Broadcast comparison on sliced numpy array using "," is a lot slower than "]["-CodePudding

I'm not sure why comparing on a sliced numpy array using , is a lot slower than ][. For example:

start = time.time()
a = np.zeros((100,100))
for _ in range(1000000):
    a[1:99][1:99] == 1
print(time.time() - start)

start = time.time()
a = np.zeros((100,100))
for _ in range(1000000):
    a[1:99, 1:99] == 1
print(time.time() - start)

3.2756259441375732
11.044903039932251

That's over 3 times worse. The time measurements are approximately the same using timeit.

I'm working on a recursive algorithm (I intended to do so), and those problems make my program run a lot slower, from about 1 second increased to 10 seconds. I just want to know the reason behind them. May be this is a bug. I'm using Python 3.9.9. Thanks.

CodePudding user response：

The first is the same as a[2:99]==1. A (98,100) slice followed by a (97,100), and then the == test.

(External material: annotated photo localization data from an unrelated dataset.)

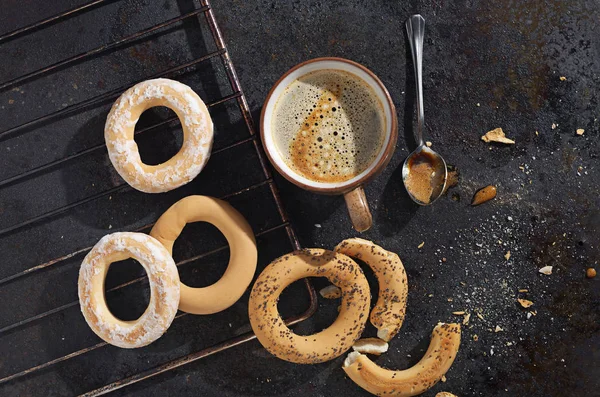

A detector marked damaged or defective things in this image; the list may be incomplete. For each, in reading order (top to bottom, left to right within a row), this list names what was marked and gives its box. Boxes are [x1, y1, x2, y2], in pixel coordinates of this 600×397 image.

rusty metal grate [0, 0, 318, 392] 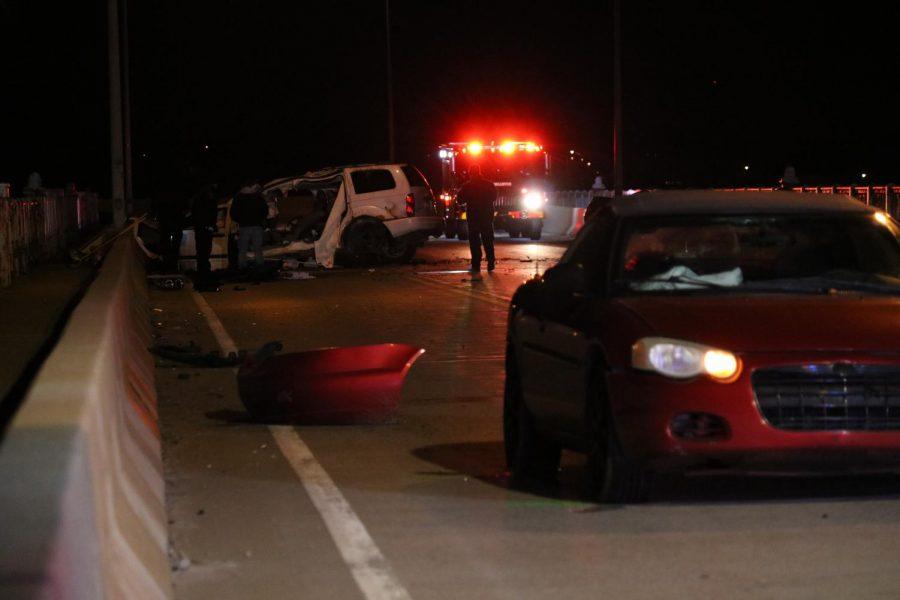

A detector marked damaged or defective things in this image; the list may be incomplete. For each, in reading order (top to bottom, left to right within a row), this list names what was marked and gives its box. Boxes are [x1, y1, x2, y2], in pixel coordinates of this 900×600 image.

wrecked white suv [260, 164, 442, 268]
detached red bumper [237, 344, 424, 424]
detached red bumper [612, 352, 900, 474] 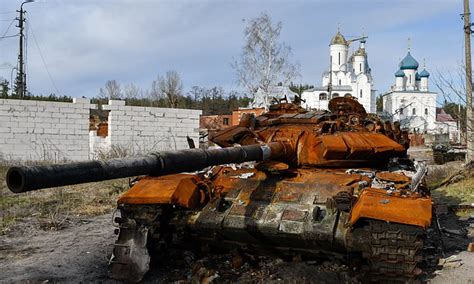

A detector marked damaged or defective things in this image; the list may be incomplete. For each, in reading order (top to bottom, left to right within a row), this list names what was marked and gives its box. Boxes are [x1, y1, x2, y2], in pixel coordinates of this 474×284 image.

burnt metal debris [5, 95, 432, 282] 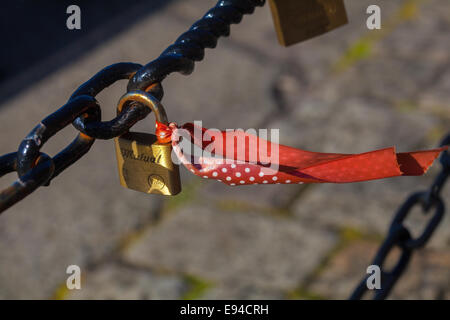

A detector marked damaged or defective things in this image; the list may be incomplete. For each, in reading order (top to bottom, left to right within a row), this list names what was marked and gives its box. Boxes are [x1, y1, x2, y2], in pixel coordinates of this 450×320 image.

In [177]: timeit (a[1:99][1:99]==1)
8.51 µs ± 16.3 ns per loop (mean ± std. dev. of 7 runs, 100000 loops each)
In [178]: timeit (a[1:99][1:99])
383 ns ± 5.73 ns per loop (mean ± std. dev. of 7 runs, 1000000 loops each)
In [179]: timeit (a[1:99])
208 ns ± 10.4 ns per loop (mean ± std. dev. of 7 runs, 1000000 loops each)

The bulk of the time is the test, not the slicing.

In [180]: a[1:99,1:99].shape
Out[180]: (98, 98)
In [181]: timeit a[1:99,1:99]==1
32.2 µs ± 12.9 ns per loop (mean ± std. dev. of 7 runs, 10000 loops each)
In [182]: timeit a[1:99,1:99]
301 ns ± 3.61 ns per loop (mean ± std. dev. of 7 runs, 1000000 loops each)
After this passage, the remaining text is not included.